Ichimaru Gin was afraid.
That was what it really boiled down to, if he thought about it long enough. Not that he often did. The brief moments he could pause for internal reflection had to be taken extremely carefully, and spent in consideration of far more important things than the source of his strength.
Everything he needed to know about fear, he did. He knew it as intimately as a soul could know an emotion, more deeply than Yamamoto knew wisdom or Byakuya knew loneliness. He had looked at and experienced it from all the angles his mind could grasp. He knew that a simple coiling of his reiatsu could paralyze a person, that his easy manner, very slightly altered by the tilt of his head, would seem threatening. He knew that his way of speech forced those around him to reconsider him at every turn, that his crinkled eyes and permanent smile kept him on the high ground of every intellectual battle he had ever engaged.
He knew it because he had been using it since he could remember.
Centuries had passed in that world, and he had known fear.
Some tiny particle of his soul thought he might find a change, here.
He supposed, all things considered, it had been hope. No matter how hard he tried, he couldn't quite purge it from his soul. In teasing Kuchiki Rukia, he had at least found comfort that this seemed as difficult for them as it was for him. Without hope, he could simply make the next victory, and the one after that. Each sealed his safety until the next, and without hope, he would be reduced to merely concern for his safety.
Ichimaru Gin was afraid of death.
He, unlike some of the others, knew what it meant. Being born again. Without this power, this understanding.
Because he would be too stupid to be afraid.
But here in Hueco Mundo, would he really be born again?
One day, he was sure he would know.
And he already knew how he would learn.
Gin remained motionless on the landing, watching the stairwell and the hall below him. They hadn't noticed him yet; he had learned to mask his reiatsu long before being taken in by the Academy. He'd had to, to keep her from following him.

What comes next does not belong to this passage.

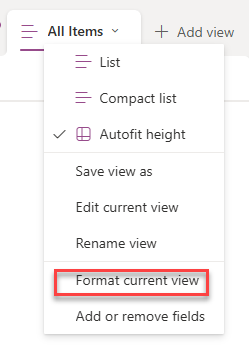 screenshot of selecting format current row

He supposed that part of his soul must have been love.
Love, like hope, was something he couldn't seem to part with. It was too scary. Others drew their strength from love, more strength than his. Ukitake came to mind. That was one shinigami he would prefer to arrange an Arrancar met on the battlefield. One shinigami that could hold his own, however temporarily, against Yamamoto.
Another shinigami that drew his strength from something Gin wasn't sure he would ever know.
He supposed, if he'd been less afraid, Rangiku would have taught him. She was more than willing. She'd been possibly the easiest mark he'd ever found, and instead of manipulating her like so many others, instead of fearing her, he'd . . . felt something else. Something terrifying. Something that weakened his resolve to the point of retreat, time and time again.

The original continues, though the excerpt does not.